As you turn your head to get a better look at the situation, the stranger realizes you’re beginning to wake up. The man immediately jumps on top of you and covers your mouth with his hand. In a low, threatening voice he growls, “Shut up! Make a sound and you’re dead!” Overcome with the immediate shock of what’s happening, you fear for not only your life, but Paula’s as well.
You’re turned over on your stomach, your mouth and eyes are covered with tape, and your wrists are bound behind your back. You have a knife in your purse, only a few feet away from you. If only you could reach it, you’d have a better chance at escaping your unknown assailant. Whatever their intentions are, you’re not sure at this point. You adjust your breathing to try to dampen the feelings of panic and think clearly about how to free yourself. You may only have a few minutes to live — or maybe they just want to immobilize you so they can rob the place. There’s no way to be sure at this point. Every decision you make could determine whether you survive or not.
In this issue’s What If? column, we look at a topic that’s often in the back of people’s minds — an aggressive home intruder with unknown intentions that could be kidnapping, abduction, or worse. While we often see these incidents reported in the media, we find that they’re accompanied by little, if any, information about what you can do if ever faced with a similar situation to improve your odds of survival. We plan to change that here, with feedback from two of our writers on what they’d do to sway the given scenario in their favor. We asked Morgan Rogue of RoguePreparedness.com and firearms instructor Sheena Green to offer guidance to help you think through some possible ways to turn victimization into victory.

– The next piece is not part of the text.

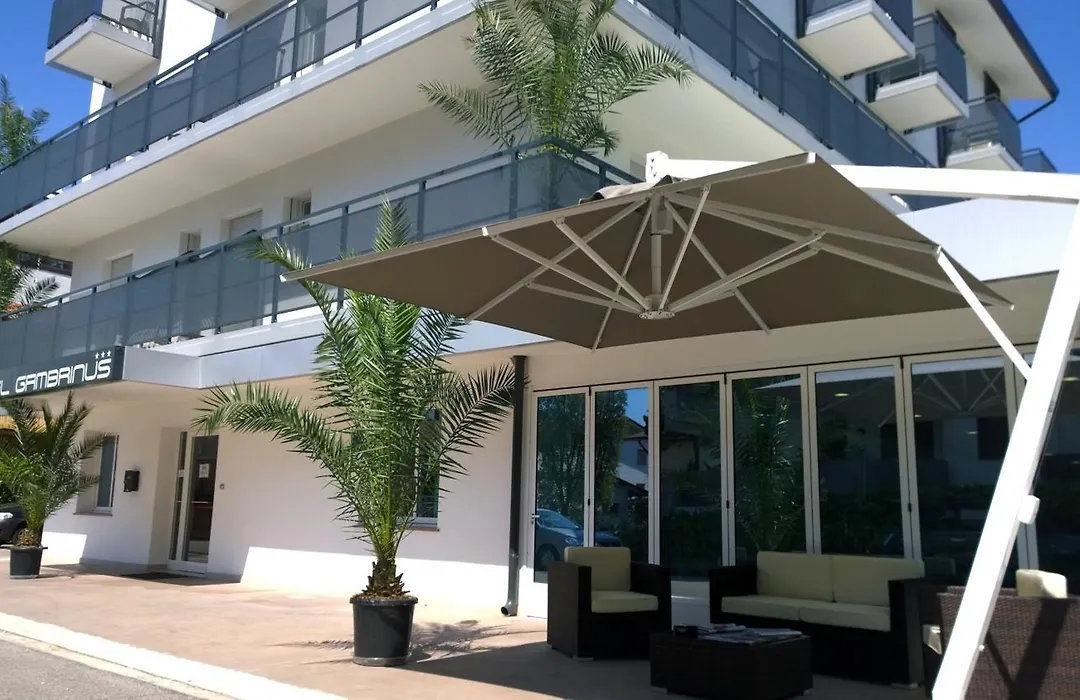 Hotel Gambrinus-1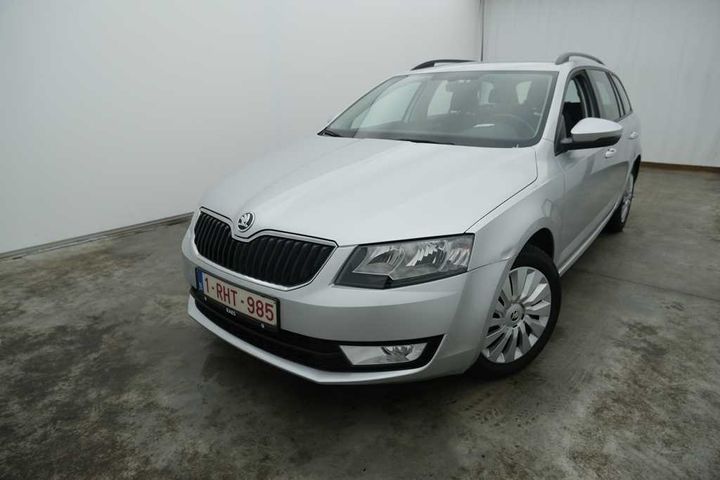 SKODA OCTAVIA 2017 tmbjg7ne3h0123753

It’s a Friday night, and you drive over to your friend Paula’s new house to deliver a housewarming gift and catch up on things. Paula tells you she just recently rented out her detached guesthouse in the back to a male colleague at her work, but that he isn’t currently home. She asks you if you can spend the night since she’s not sure when he’s coming back. Paula’s husband is also out of town, and her new tenant has lately been bringing over a bunch of male friends who stay up past midnight partying. As a result, she’s thinking about evicting him. You’ve known Paula for years and trust her judgment as far as roommate selection, so you can understand her concern. As you’ve spent many a late night talking with Paula over the years, you decide to spend the night in her guest room, located next to Paula’s room, so she feels a bit safer.
A friend’s house
You and your friend Paula
Rainy; high 47 degrees F, low 39 degrees F
You awaken on your stomach in the middle of the night to the sound of tape being unwrapped. As you try to roll over, someone hops over you and pushes one of their knees into your back with great force, wrapping a length of tape around your eyes and head. The attacker says if you shout or try to escape, he’ll kill you. He then proceeds to bind your wrists tightly together behind your back with duct tape. At this point, you don’t know if this is the roommate Paula mentioned, one of his friends, or a random intruder. You don’t know if he’s alone or if there are multiple accomplices in the house. You also don’t know if this person has a weapon, what their motive is, or if Paula is even still alive.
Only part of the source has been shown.